Passage
Mercy unto you and peace: and charity be fulfilled.
Mercy unto you and peace: and charity be fulfilled.
Jude 1:1 Jude, the servant of Jesus Christ and brother of James: to them that are beloved in God the Father and preserved in Jesus Christ and called.
Jude 1:2 Mercy unto you and peace: and charity be fulfilled.
Jude 1:3 Dearly beloved, taking all care to write unto you concerning your common salvation, I was under a necessity to write unto you: to beseech you to contend earnestly for the faith once delivered to the saints.
Jude 1:4 For certain men are secretly entered in (who were written of long ago unto this judgment), ungodly men, turning the grace of our Lord God into riotousness and denying the only sovereign Ruler and our Lord Jesus Christ.
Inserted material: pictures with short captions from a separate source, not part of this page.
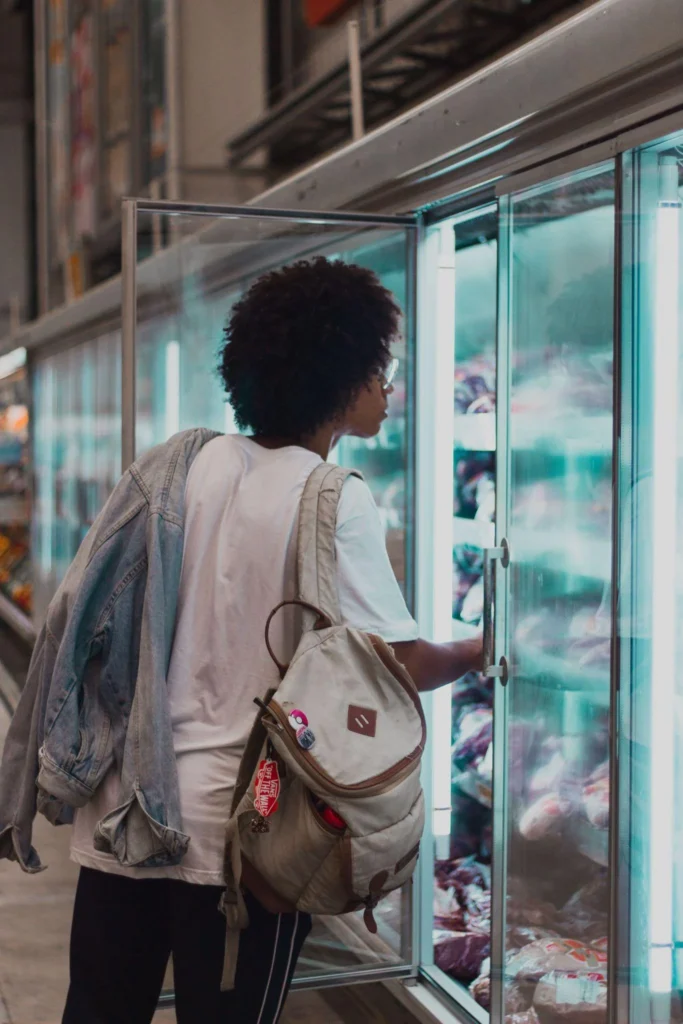Picture of a person looking inside a refrigerator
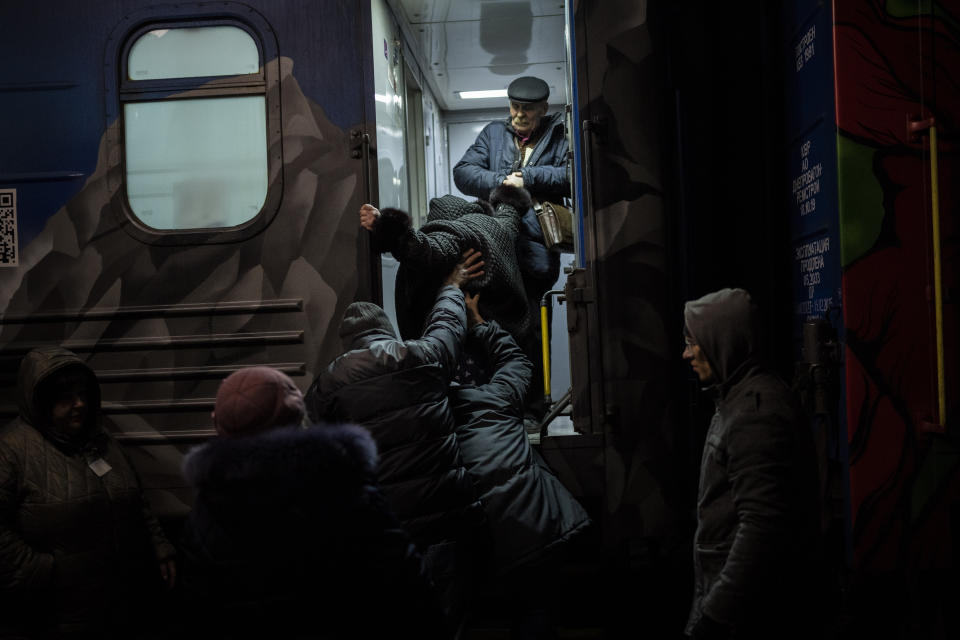 Ukrainians board the Kherson-Kyiv train at the Kherson railway station, southern Ukraine, Monday, Nov. 21, 2022. Ukrainian authorities are evacuating civilians from recently liberated sections of the Kherson and Mykolaiv regions, fearing that a lack of heat, power and water due to Russian shelling will make conditions too unlivable this winter. The move came as rolling blackouts on Monday plagued most of the country. (AP Photo/Bernat Armangue)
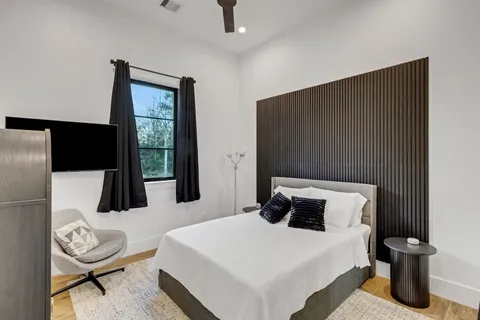 a bedroom with a bed and a table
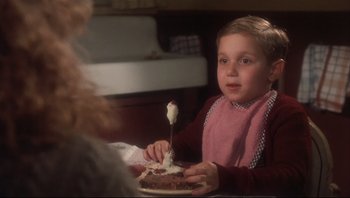 Movie still from “A Christmas Story” (1983), directed by Bob Clark – A young boy sitting at a table with a plate of food; Medium shot, High angle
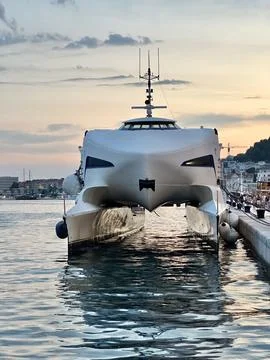 Large boat rests at dock during sunset in coastal area with calm water and Photos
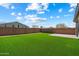 Lush backyard features artificial turf and a brick wall, offering privacy and a green space at 2753 E Fossil Ridge Rd, Phoenix, AZ 85050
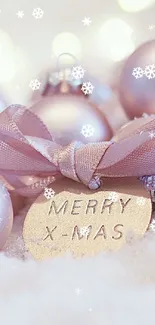 Soft pink Christmas ornaments on snow with 'Merry X-Mas' tag.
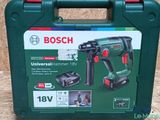 a close up of a box with a cordless hammer in it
The verse centers on "mercy", "peace", "charity", and "fulfilled". It is saying that the verse draws attention to "mercy" and "peace", so its meaning should be read from those terms before moving to application.
The nearby context moves from verse 1's "Jude the servant of Jesus Christ and..." into verse 3's "Dearly beloved taking all care to write...", so "mercy" and "peace" belong inside that flow. In Jude context, the local focus is Christ, faith, and discipleship.
A plain takeaway is to answer the verse's own emphasis on "mercy" and "peace" with trust shaped by these words, not by a vague optimism outside the passage.